**TO DO:**
Skip the pictures and give back the rest of the listing exactly.

**MATERIAL PROVIDED:**
§

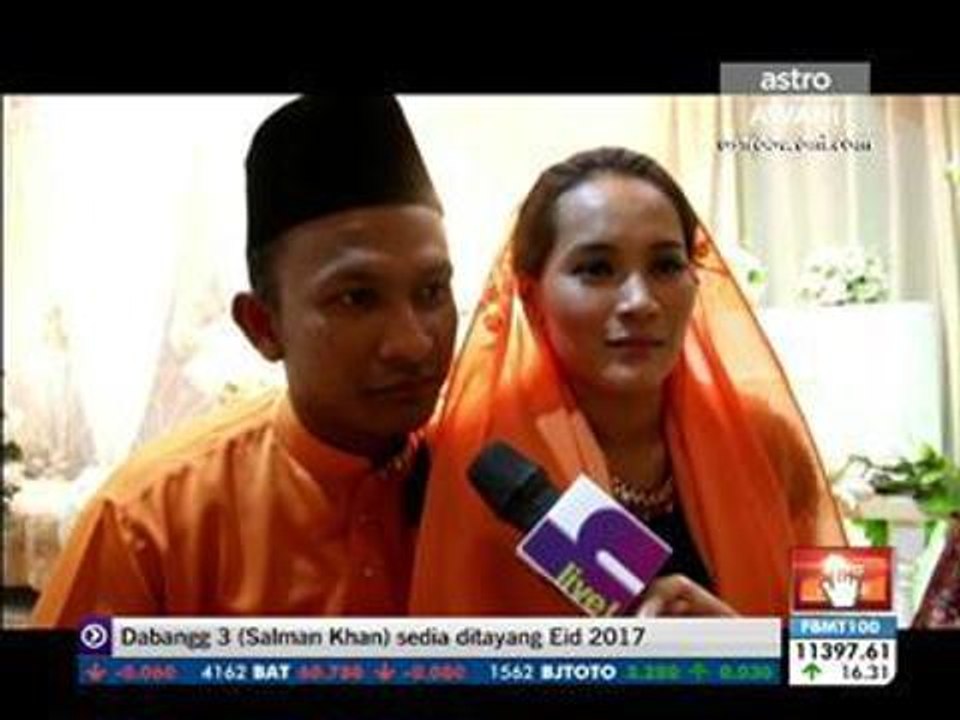 Black terbuka terima permohonan maaf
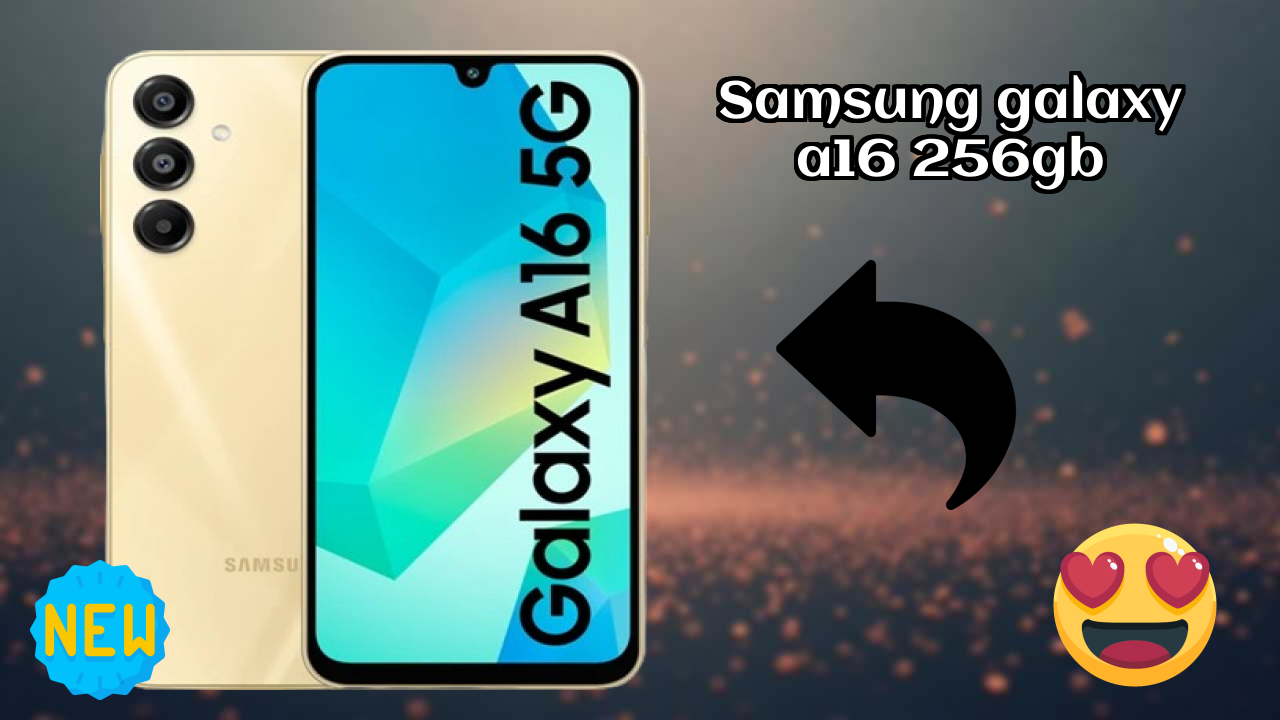 Samsung Galaxy A16 256GB Processor Test: MediaTek Dimensity 6300 Speed Review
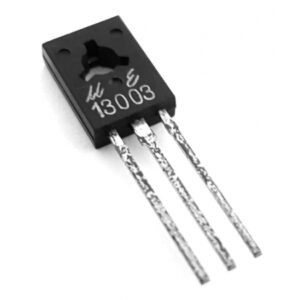 MJE13003 1.5A 400V NPN POWER TRANSISTOR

§

**RESPONSE TO THE TASK:**
 Black terbuka terima permohonan maaf
 Samsung Galaxy A16 256GB Processor Test: MediaTek Dimensity 6300 Speed Review
 MJE13003 1.5A 400V NPN POWER TRANSISTOR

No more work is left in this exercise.